We can write Bayes' theorem as
$$p(\theta|x) = \frac{f(X|\theta)p(\theta)}{\int_{\theta} f(X|\theta)p(\theta)d\theta}$$
where $p(\theta|x)$ is the posterior, $f(X|\theta)$ is the conditional distribution, and $p(\theta)$ is the prior.
or
$$p(\theta|x) = \frac{L(\theta|x)p(\theta)}{\int_{\theta} L(\theta|x)p(\theta)d\theta}$$
where $p(\theta|x)$ is the posterior, $L(\theta|x)$ is the likelihood function, and $p(\theta)$ is the prior.
My question is
- Why is Bayesian analysis done using the likelihood function and not the conditional distribution?
- Can you say in words what the difference between the likelihood and conditional distribution is? I know the likelihood is not a probability distribution and $L(\theta|x) \propto f(X|\theta)$.
Best Answer
Suppose that you have $X_1,\dots,X_n$ random variables (whose values will be observed in your experiment) that are conditionally independent, given that $\Theta=\theta$, with conditional densities $f_{X_i\mid\Theta}(\,\cdot\mid\theta)$, for $i=1,\dots,n$. This is your (postulated) statistical (conditional) model, and the conditional densities express, for each possible value $\theta$ of the (random) parameter $\Theta$, your uncertainty about the values of the $X_i$'s, before you have access to any real data. With the help of the conditional densities you can, for example, compute conditional probabilities like $$ P\{X_1\in B_1,\dots,X_n\in B_n\mid \Theta=\theta\} = \int_{B_1\times\dots\times B_n} \prod_{i=1}^n f_{X_i\mid\Theta}(x_i\mid\theta)\,dx_1\dots dx_n \, , $$ for each $\theta$.
After you have access to an actual sample $(x_1,\dots,x_n)$ of values (realizations) of the $X_i$'s that have been observed in one run of your experiment, the situation changes: there is no longer uncertainty about the observables $X_1,\dots,X_n$. Suppose that the random $\Theta$ assumes values in some parameter space $\Pi$. Now, you define, for those known (fixed) values $(x_1,\dots,x_n)$ a function $$ L_{x_1,\dots,x_n} : \Pi \to \mathbb{R} \, $$ by $$ L_{x_1,\dots,x_n}(\theta)=\prod_{i=1}^n f_{X_i\mid\Theta}(x_i\mid\theta) \, . $$ Note that $L_{x_1,\dots,x_n}$, known as the "likelihood function" is a function of $\theta$. In this "after you have data" situation, the likelihood $L_{x_1,\dots,x_n}$ contains, for the particular conditional model that we are considering, all the information about the parameter $\Theta$ contained in this particular sample $(x_1,\dots,x_n)$. In fact, it happens that $L_{x_1,\dots,x_n}$ is a sufficient statistic for $\Theta$.
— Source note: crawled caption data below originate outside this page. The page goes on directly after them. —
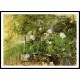 A Corner of the Rose Garden, A New Print of a painting by Berthe Morisot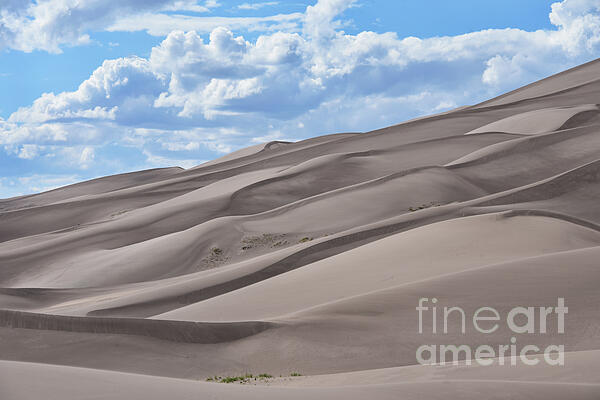 Catherine Sherman - Massive Sand Dunes in Colorado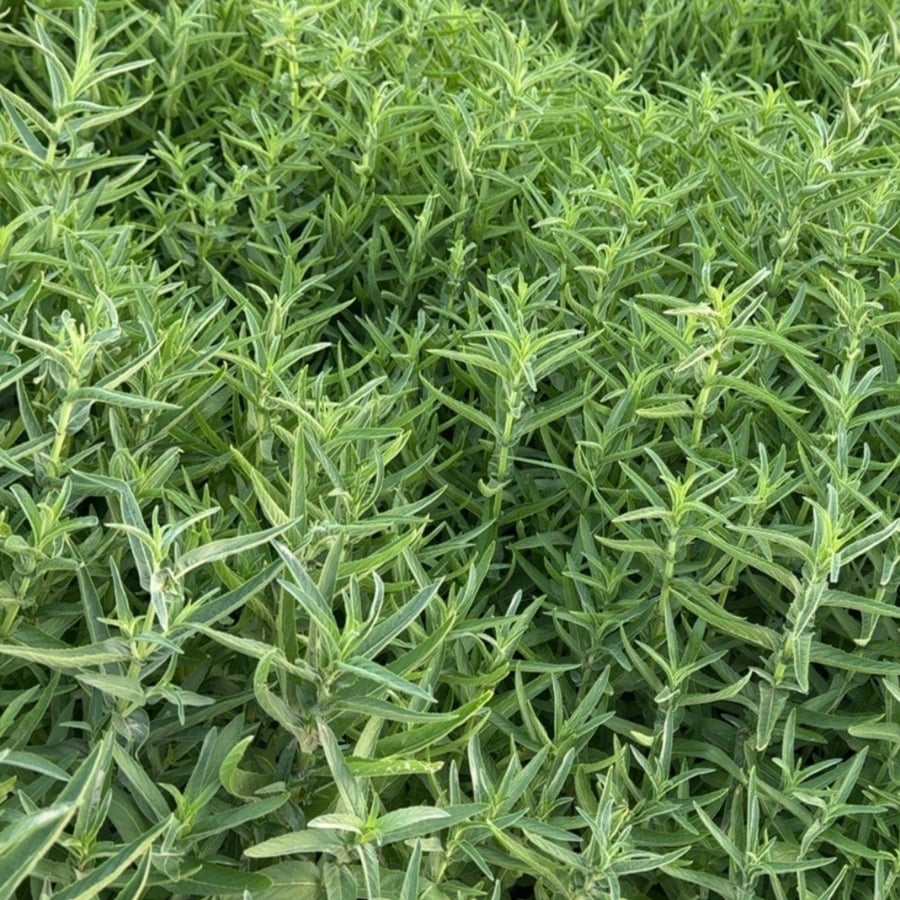 نعناع حساوي (حبق)مجفف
Answering your question, to understand the differences between the concepts of conditional density and likelihood, keep in mind their mathematical definitions (which are clearly different: they are different mathematical objects, with different properties), and also remember that conditional density is a "pre-sample" object/concept, while the likelihood is an "after-sample" one. I hope that all this also help you to answer why Bayesian inference (using your way of putting it, which I don't think is ideal) is done "using the likelihood function and not the conditional distribution": the goal of Bayesian inference is to compute the posterior distribution, and to do so we condition on the observed (known) data.